● EXERCISE AIM
Copy the entries below exactly; any picture among them should be left out.

● MATERIAL SUPPLIED
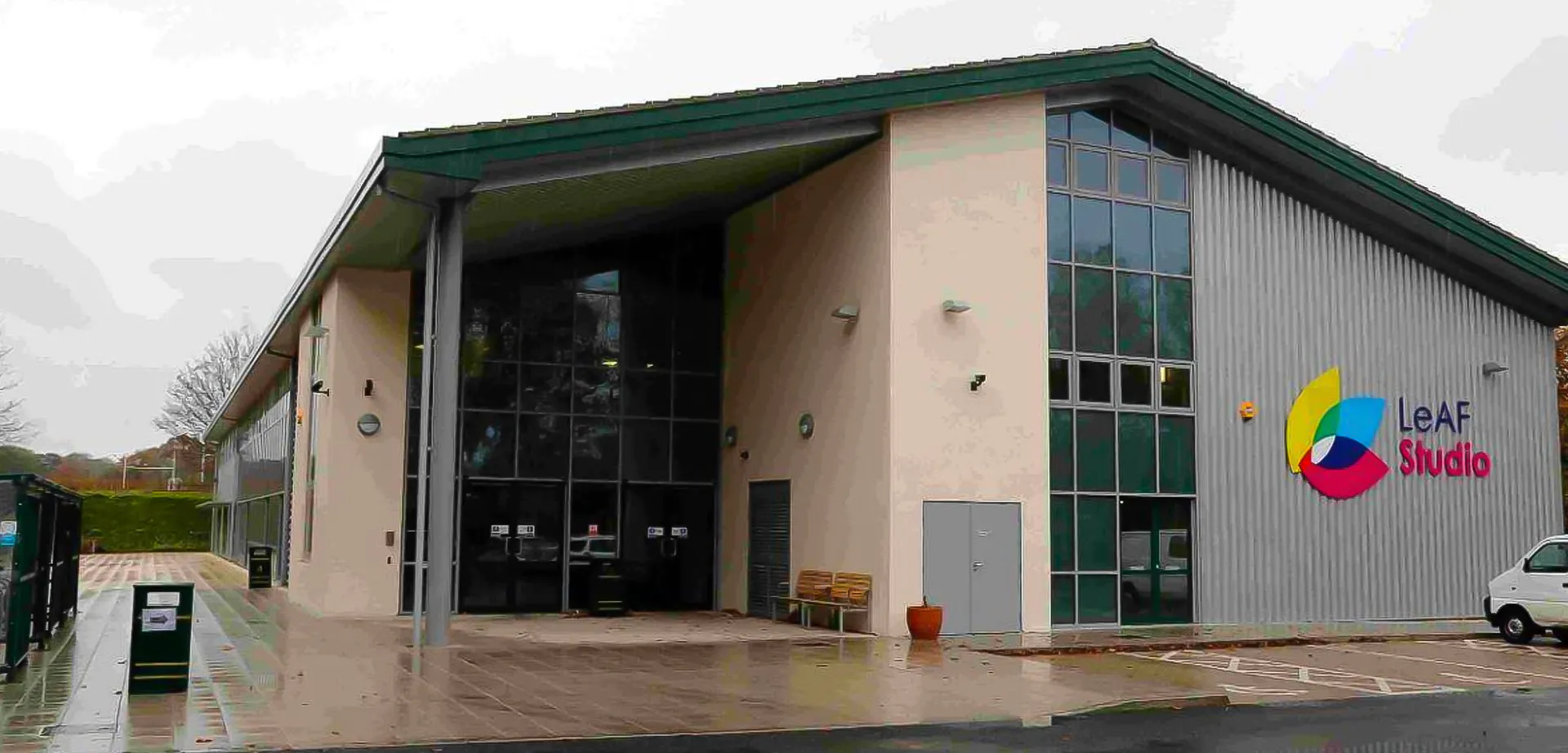 L'edificio moderno a più piani dell'Oak Leaf Studio con tetto verde e grandi vetrate è circondato da un'area pavimentata.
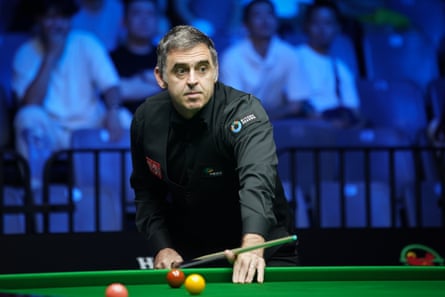 Ronnie O’Sullivan about to take a shot during a snooker match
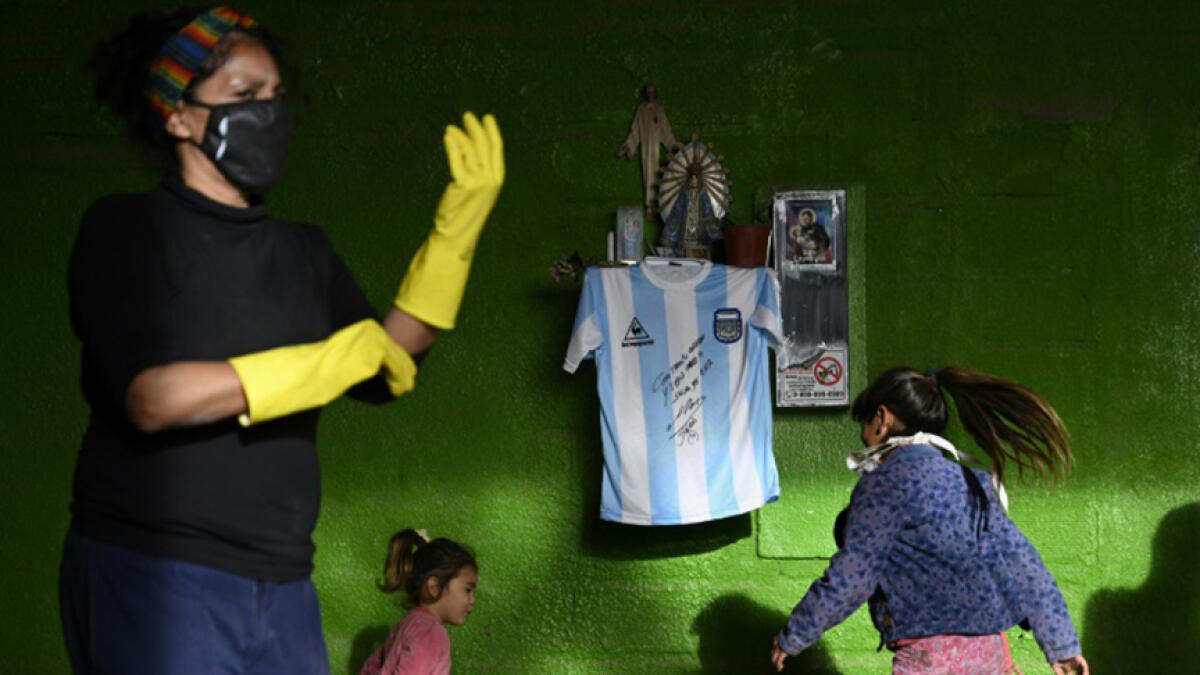Diego Maradona's autographed shirt is displayed at a community eatery in Buenos Aires. -- AFP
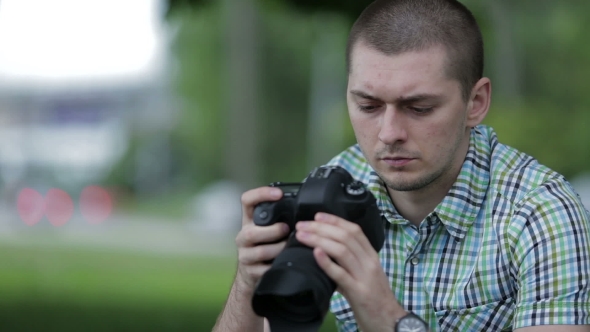 Young Man Taking Pictures At A Professional Digital Slr Camera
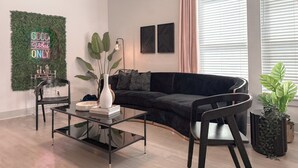Un salon moderne avec un canapé noir, une table basse en verre et un élément de décoration murale vert.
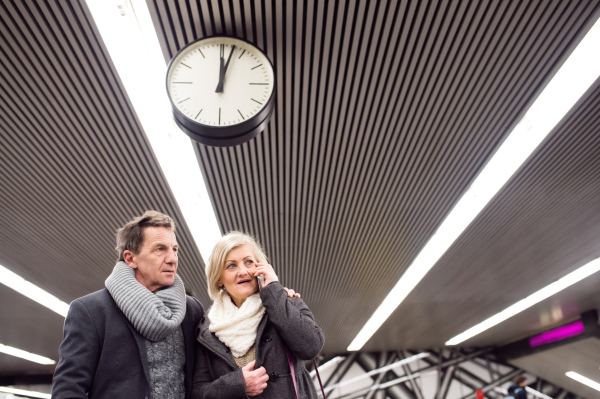 Beautiful senior couple standing at the underground platform, waiting. Woman with smart phone making phone call.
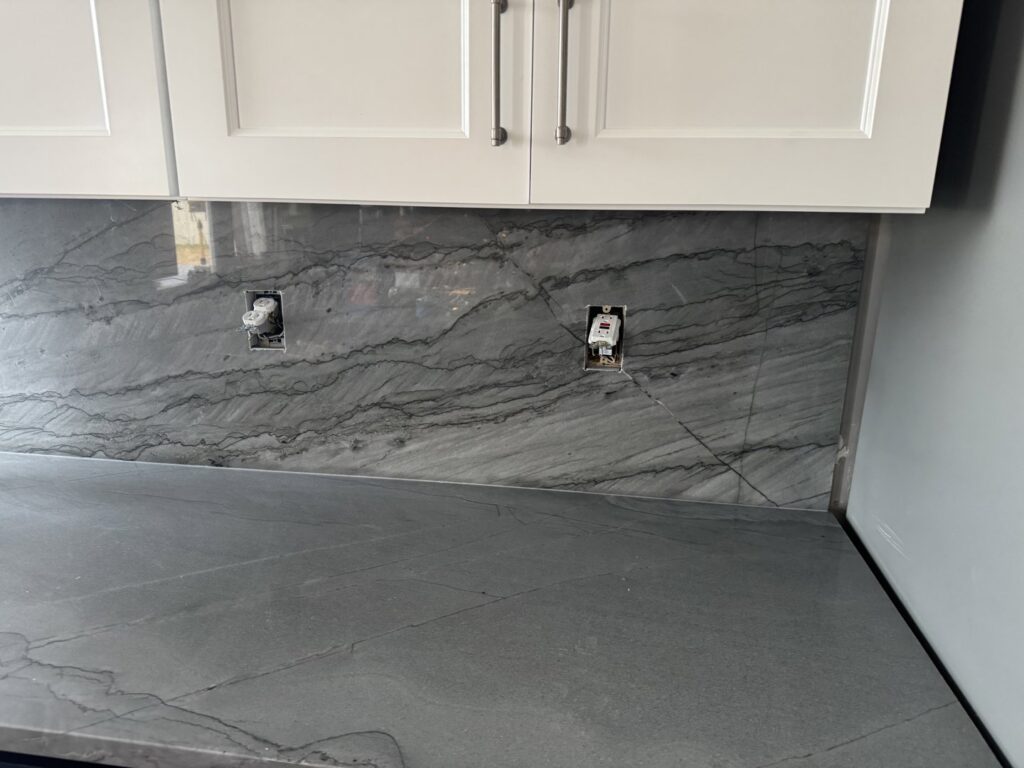 A newly installed kitchen backsplash with exposed electrical outlets by Victor's Granite Counter-Tops in Millcreek, UT.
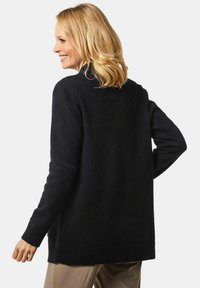 Schwarze Strickjacke mit lockerer Passform, gerippten Bündchen und Saum. Verfügt über einen hohen Kragen und lange Ärmel. Glatte Textur und klassisches Design.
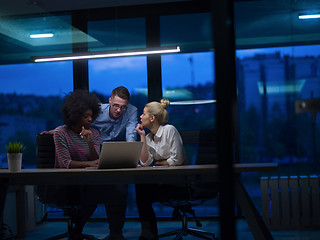 Image showing Multiethnic startup business team in night office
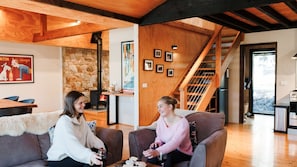 A cozy interior with a stone fireplace, wooden beams, a staircase, and a dining area.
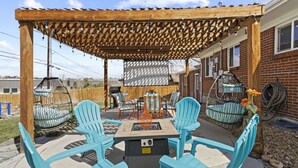 Un espace patio agrémenté d’une pergola, de sièges d’extérieur, d’un foyer et de fauteuils suspendus.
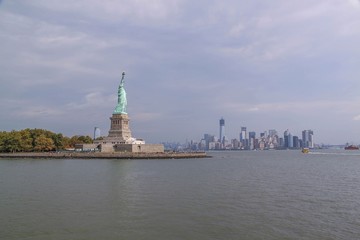 Beautiful view of famous Statue of Liberty and Manhattan on background.  Liberty Island in New York Harbor in New York. 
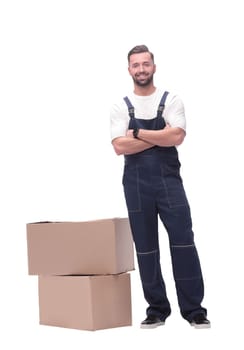 in full growth. smiling man standing near cardboard boxes. photo with copy space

● EXPECTED OUTPUT
 L'edificio moderno a più piani dell'Oak Leaf Studio con tetto verde e grandi vetrate è circondato da un'area pavimentata.
 Ronnie O’Sullivan about to take a shot during a snooker match
Diego Maradona's autographed shirt is displayed at a community eatery in Buenos Aires. -- AFP
 Young Man Taking Pictures At A Professional Digital Slr Camera
Un salon moderne avec un canapé noir, une table basse en verre et un élément de décoration murale vert.
 Beautiful senior couple standing at the underground platform, waiting. Woman with smart phone making phone call.
 A newly installed kitchen backsplash with exposed electrical outlets by Victor's Granite Counter-Tops in Millcreek, UT.
 Schwarze Strickjacke mit lockerer Passform, gerippten Bündchen und Saum. Verfügt über einen hohen Kragen und lange Ärmel. Glatte Textur und klassisches Design.
 Image showing Multiethnic startup business team in night office
 A cozy interior with a stone fireplace, wooden beams, a staircase, and a dining area.
 Un espace patio agrémenté d’une pergola, de sièges d’extérieur, d’un foyer et de fauteuils suspendus.
 Beautiful view of famous Statue of Liberty and Manhattan on background.  Liberty Island in New York Harbor in New York. 
 in full growth. smiling man standing near cardboard boxes. photo with copy space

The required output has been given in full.